- Born: 4 November 1989 (age 36)

Team
- Skip: Magnus Nedregotten
- Third: Mathias Brænden
- Second: Alexander Lindström
- Lead: Nicolai Sommervold

Curling career
- World Championship appearances: 1 (2017)

Medal record
Curling
Representing Sweden
World Junior Championships
| Gold medal – first place | 2011 Perth |  |

= Alexander Lindström =

Swedish-Norwegian curler

Alexander Lindström (born 4 November 1989 in Lit, Sweden) is a Swedish-Norwegian curler, from Oslo. He currently coaches the Niklas Edin rink.

==Curling career==
===Juniors===
Lindström twice represented Sweden at the World Junior Curling Championships. His first World Juniors was in 2009, throwing second stones for Oskar Eriksson. After posting a 6-3 round robin record, the team would lose in the 3 vs. 4 game and in the bronze medal final, settling for fourth place. Lindström returned to the World Juniors in 2011, playing lead for Eriksson, on a team which included his brother Kristian throwing last rocks. The team would finish the round robin in first place with an 11–1 record.

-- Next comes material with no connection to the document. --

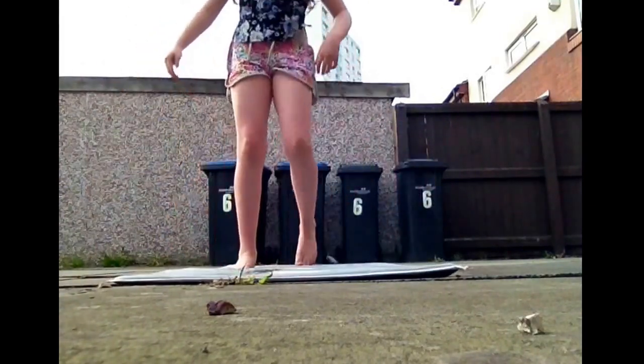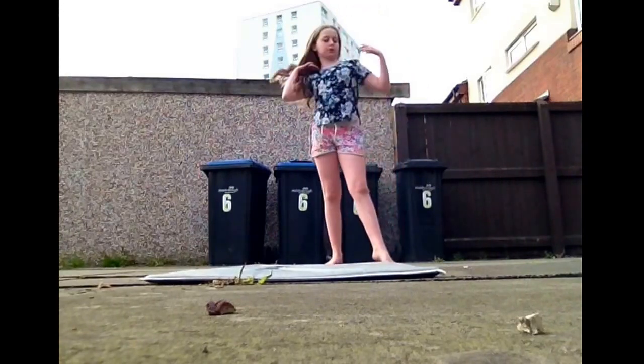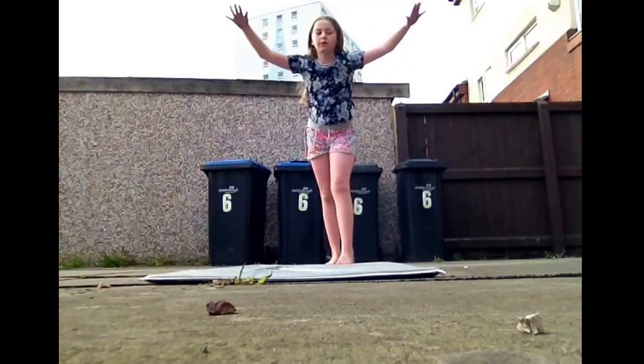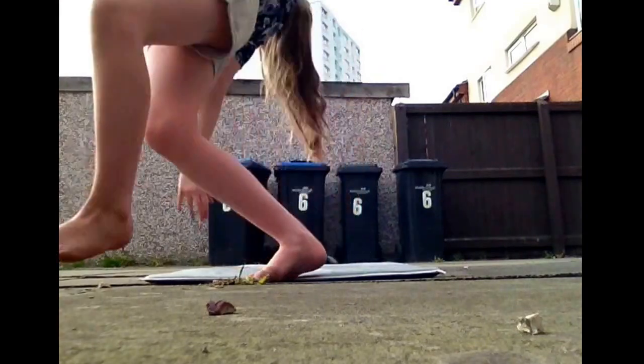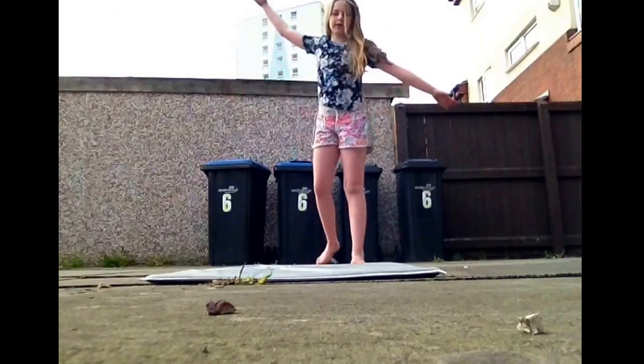If you wanted to do a one-handed forward walkover and you're not so sure on it, go forward and take the hand off in the middle of it. By the end, it should look like this.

The team then beat Switzerland twice in the playoffs to claim the gold medal.

===Men's===
Lindström would move to Norway and would join the Steffen Walstad team at lead. They would qualify for the 2017 World Men's Curling Championship where they would finish in 8th place with a 5–6 record.

==Personal life==
Lindström works for CSDM Tech. His twin brother Kristian skips his own team in Sweden and formerly played for Niklas Edin rink.